> INSTRUCTIONS FOR THE TASK
Begin the copy at the line that contains "Blenheim Chesterfield Sofa - Image 7", end it at the last line of the entries below, keep every word exact, and include no pictures.

[Crawled caption data]
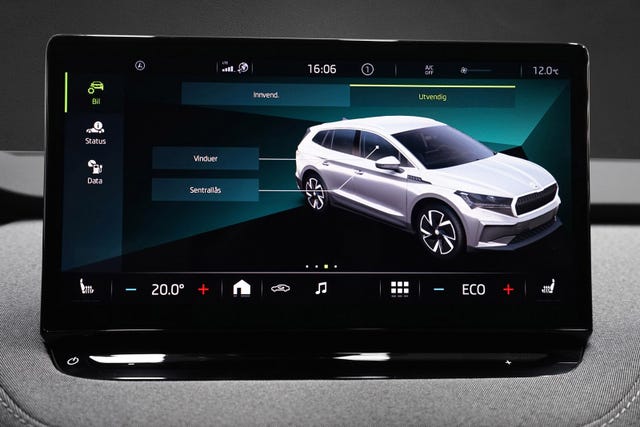 2022 SKODA ENYAQ - 43
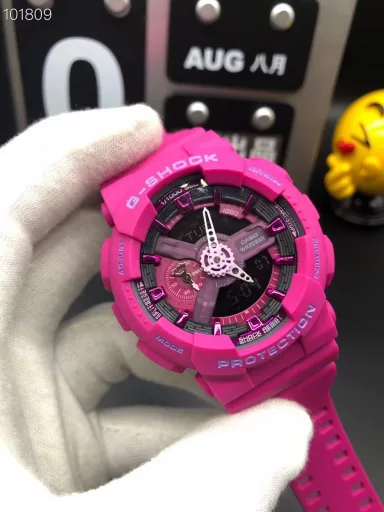 GA-110 Hand-raise Light Casio G-SHOCK--Classic shockproof dial design👍In stock and shipped immediately, 45-degree automatic hand-raise light function with strong visual impact🙈LCD liquid crystal display💡Stopwatch speed function accurate to 1/1000 second⌛Shockproof📣Anti-magnetic💥200 meters waterproof🏊48 city time📲Countdown⏳Alarm clock⏰Fully automatic calendar and other powerful functions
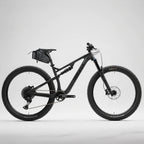 Sacoche selle vélo noire sur VTT noir vue latérale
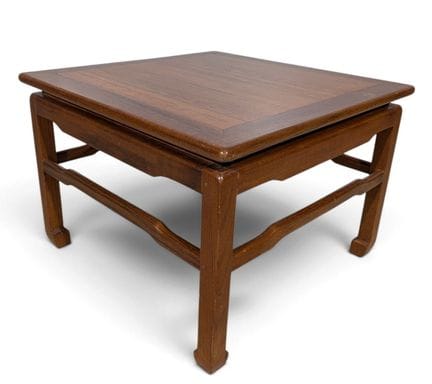 CHINE
Table basse ou bout de canapé, bois exotique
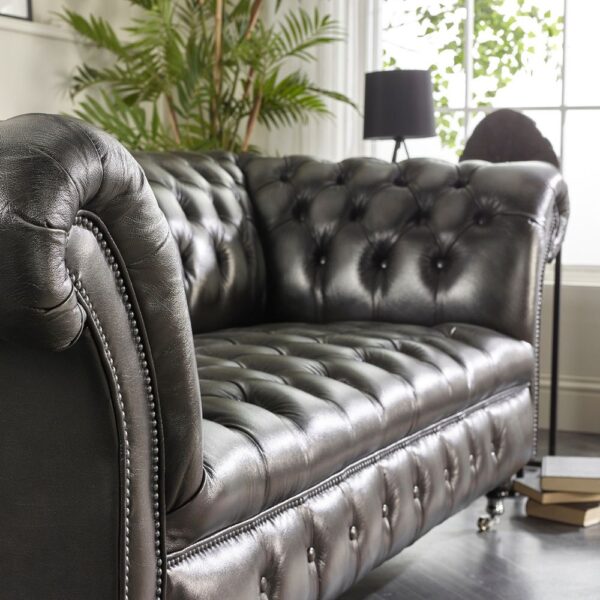 Blenheim Chesterfield Sofa - Image 7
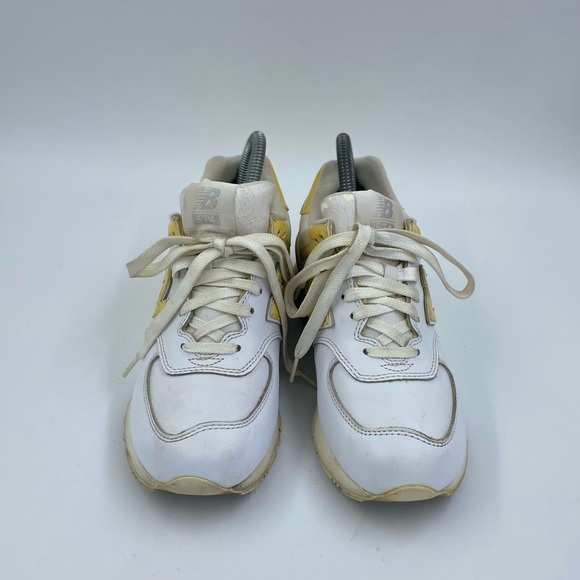 New balance 574 running shoe womens size 7 - Picture 2 of 7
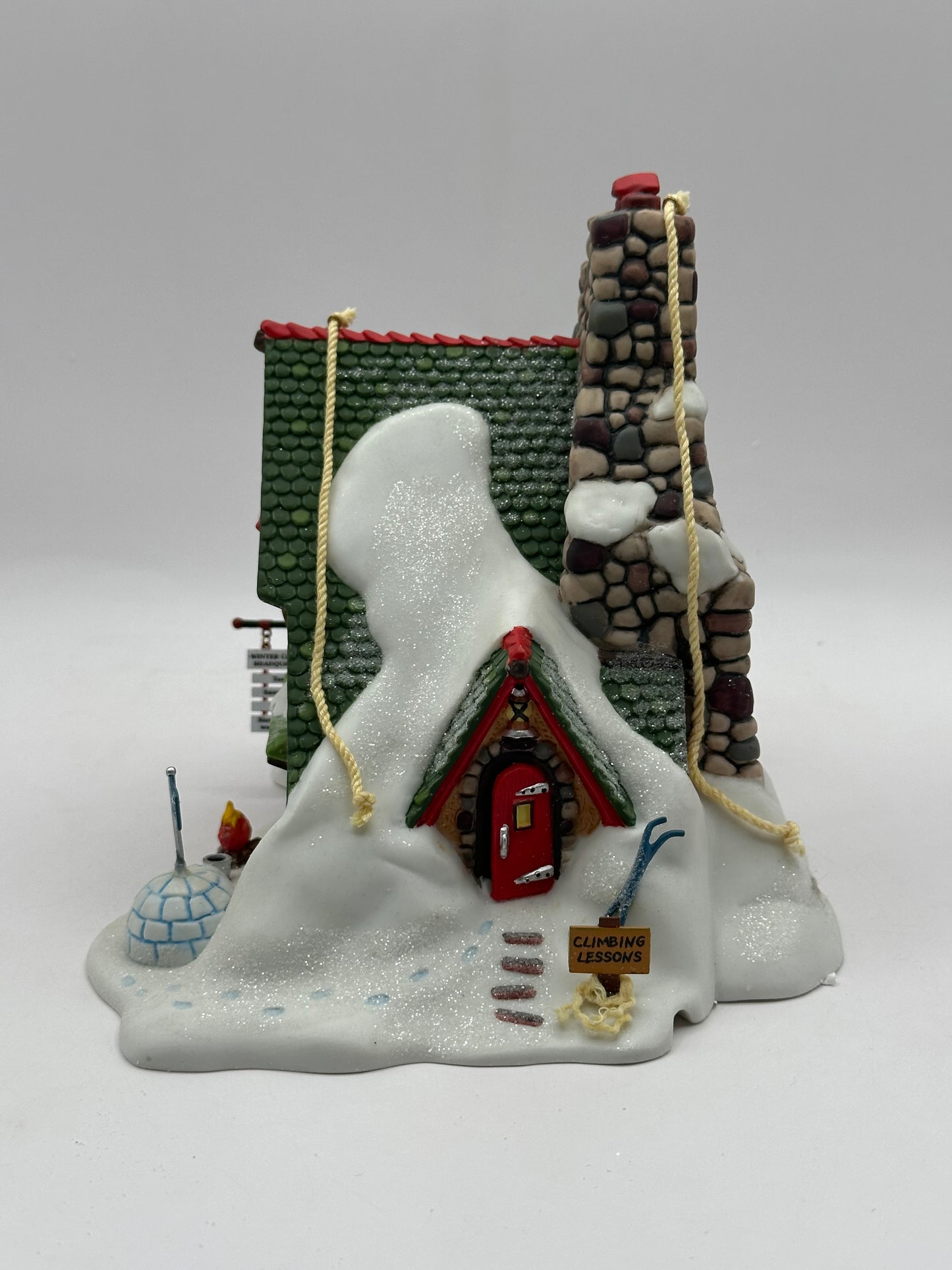 Department 56 - Frosty Pines Outfitters - North Pole Series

> OUTPUT
 Blenheim Chesterfield Sofa - Image 7
 New balance 574 running shoe womens size 7 - Picture 2 of 7
 Department 56 - Frosty Pines Outfitters - North Pole Series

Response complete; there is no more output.